We followed standard Cochrane methods. The primary efficacy outcome was smoking cessation in later pregnancy; safety was assessed by 11 outcomes (principally birth outcomes) that indicated neonatal and infant well-being. We also collated data on adherence to trial treatments. We calculated the risk ratio (RR) or mean difference (MD) and the 95% confidence intervals (CI) for each outcome for each study, where possible. We grouped eligible studies according to the type of comparison. We carried out meta-analyses where appropriate.
We included 11 trials that enrolled a total of 2412 pregnant women who smoked at enrolment, nine trials of NRT and two trials of bupropion as adjuncts to behavioural support, with comparable behavioural support provided in the control arms. No trials investigated varenicline or ECs. We assessed four trials as at low risk of bias overall. The overall certainty of the evidence was low across outcomes and comparisons as assessed using GRADE, with reductions in confidence due to risk of bias, imprecision, and inconsistency.

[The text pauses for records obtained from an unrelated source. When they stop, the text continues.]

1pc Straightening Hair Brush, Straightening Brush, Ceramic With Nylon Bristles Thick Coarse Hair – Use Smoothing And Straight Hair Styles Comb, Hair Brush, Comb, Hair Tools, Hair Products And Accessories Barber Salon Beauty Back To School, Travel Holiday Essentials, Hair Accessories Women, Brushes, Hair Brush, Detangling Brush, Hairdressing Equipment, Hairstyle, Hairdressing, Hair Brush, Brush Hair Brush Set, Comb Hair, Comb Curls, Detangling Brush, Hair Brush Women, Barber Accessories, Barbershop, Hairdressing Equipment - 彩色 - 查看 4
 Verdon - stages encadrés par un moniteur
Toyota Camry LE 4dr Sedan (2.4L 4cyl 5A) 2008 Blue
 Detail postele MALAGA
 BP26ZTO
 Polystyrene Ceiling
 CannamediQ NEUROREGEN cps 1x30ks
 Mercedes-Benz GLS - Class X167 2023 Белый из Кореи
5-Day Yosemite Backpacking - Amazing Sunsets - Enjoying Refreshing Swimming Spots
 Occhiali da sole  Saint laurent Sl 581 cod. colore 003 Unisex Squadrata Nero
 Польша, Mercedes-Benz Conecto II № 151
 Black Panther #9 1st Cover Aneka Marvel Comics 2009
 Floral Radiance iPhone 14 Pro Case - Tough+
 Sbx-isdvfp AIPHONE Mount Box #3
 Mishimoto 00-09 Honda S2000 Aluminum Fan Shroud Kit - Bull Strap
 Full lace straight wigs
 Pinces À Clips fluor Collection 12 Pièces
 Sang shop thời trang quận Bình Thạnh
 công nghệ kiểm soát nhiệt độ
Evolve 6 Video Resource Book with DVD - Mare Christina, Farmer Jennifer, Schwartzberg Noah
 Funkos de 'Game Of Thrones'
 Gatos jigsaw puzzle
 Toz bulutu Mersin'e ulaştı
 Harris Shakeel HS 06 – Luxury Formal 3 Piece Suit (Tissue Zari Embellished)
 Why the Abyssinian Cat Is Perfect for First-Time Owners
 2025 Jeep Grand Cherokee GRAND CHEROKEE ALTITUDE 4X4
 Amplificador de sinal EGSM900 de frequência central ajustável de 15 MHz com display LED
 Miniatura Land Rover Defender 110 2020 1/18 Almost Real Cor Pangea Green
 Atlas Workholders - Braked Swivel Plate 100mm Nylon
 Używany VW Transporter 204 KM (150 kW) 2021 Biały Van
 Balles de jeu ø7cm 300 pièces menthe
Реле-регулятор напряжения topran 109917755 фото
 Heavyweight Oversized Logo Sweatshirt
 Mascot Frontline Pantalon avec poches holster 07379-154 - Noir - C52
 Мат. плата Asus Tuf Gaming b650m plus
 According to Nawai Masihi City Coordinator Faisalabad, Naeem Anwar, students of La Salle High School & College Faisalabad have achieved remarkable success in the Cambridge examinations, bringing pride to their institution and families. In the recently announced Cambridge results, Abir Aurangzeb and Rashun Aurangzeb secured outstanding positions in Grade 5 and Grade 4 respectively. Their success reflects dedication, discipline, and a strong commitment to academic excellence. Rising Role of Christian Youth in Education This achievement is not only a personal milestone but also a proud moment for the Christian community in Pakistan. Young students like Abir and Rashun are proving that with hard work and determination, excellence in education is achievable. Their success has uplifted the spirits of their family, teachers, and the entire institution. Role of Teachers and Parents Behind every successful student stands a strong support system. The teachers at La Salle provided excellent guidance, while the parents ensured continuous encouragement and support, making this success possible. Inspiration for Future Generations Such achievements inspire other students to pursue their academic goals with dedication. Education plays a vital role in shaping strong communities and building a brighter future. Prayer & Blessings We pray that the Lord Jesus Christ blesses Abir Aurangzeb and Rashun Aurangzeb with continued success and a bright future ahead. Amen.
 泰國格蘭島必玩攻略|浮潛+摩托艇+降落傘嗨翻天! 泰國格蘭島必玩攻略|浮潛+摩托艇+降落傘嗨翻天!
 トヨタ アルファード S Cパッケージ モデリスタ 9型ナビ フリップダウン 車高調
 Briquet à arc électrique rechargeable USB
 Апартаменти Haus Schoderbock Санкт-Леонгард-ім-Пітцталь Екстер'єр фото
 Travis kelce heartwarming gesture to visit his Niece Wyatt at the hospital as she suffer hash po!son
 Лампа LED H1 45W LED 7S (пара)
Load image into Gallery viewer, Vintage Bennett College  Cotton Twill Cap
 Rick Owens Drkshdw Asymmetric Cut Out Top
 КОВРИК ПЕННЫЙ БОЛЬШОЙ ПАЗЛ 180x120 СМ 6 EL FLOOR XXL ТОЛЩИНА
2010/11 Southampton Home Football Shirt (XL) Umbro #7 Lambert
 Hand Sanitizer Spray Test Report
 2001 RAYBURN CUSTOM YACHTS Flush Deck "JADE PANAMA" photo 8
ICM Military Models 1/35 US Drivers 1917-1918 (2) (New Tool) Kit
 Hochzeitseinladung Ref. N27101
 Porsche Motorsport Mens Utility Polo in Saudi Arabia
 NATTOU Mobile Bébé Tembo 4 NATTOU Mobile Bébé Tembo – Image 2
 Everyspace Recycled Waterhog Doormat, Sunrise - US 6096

Compared to placebo and non-placebo (behavioural support only) controls, there was low-certainty evidence that NRT increased the likelihood of smoking abstinence in later pregnancy (RR 1.37, 95% CI 1.08 to 1.74; I² = 34%, 9 studies, 2336 women). However, in subgroup analysis by comparator type, there was a subgroup difference between placebo-controlled and non-placebo controlled RCTs (test for subgroup differences P = 0.008). There was unclear evidence of an effect in placebo-controlled RCTs (RR 1.21, 95% CI 0.95 to 1.55; I² = 0%, 6 studies, 2063 women), whereas non-placebo-controlled trials showed clearer evidence of a benefit (RR 8.55, 95% CI 2.05 to 35.71; I² = 0%, 3 studies, 273 women). An additional subgroup analysis in which studies were grouped by the type of NRT used found no difference in the effectiveness of NRT in those using patches or fast-acting NRT (test for subgroup differences P = 0.08).
There was no evidence of a difference between NRT and control groups in rates of miscarriage, stillbirth, premature birth, birthweight, low birthweight, admissions to neonatal intensive care, caesarean section, congenital abnormalities, or neonatal death. In one study infants born to women who had been randomised to NRT had higher rates of 'survival without developmental impairment' at two years of age compared to the placebo group. Non-serious adverse effects observed with NRT included headache, nausea, and local reactions (e.g. skin irritation from patches or foul taste from gum), but data could not be pooled. Adherence to NRT treatment regimens was generally low.
We identified low-certainty evidence that there was no difference in smoking abstinence rates observed in later pregnancy in women using bupropion when compared to placebo control (RR 0.74, 95% CI 0.21 to 2.64; I² = 0%, 2 studies, 76 women). Evidence investigating the safety outcomes of bupropion use was sparse, but the existing evidence showed no difference between the bupropion and control group.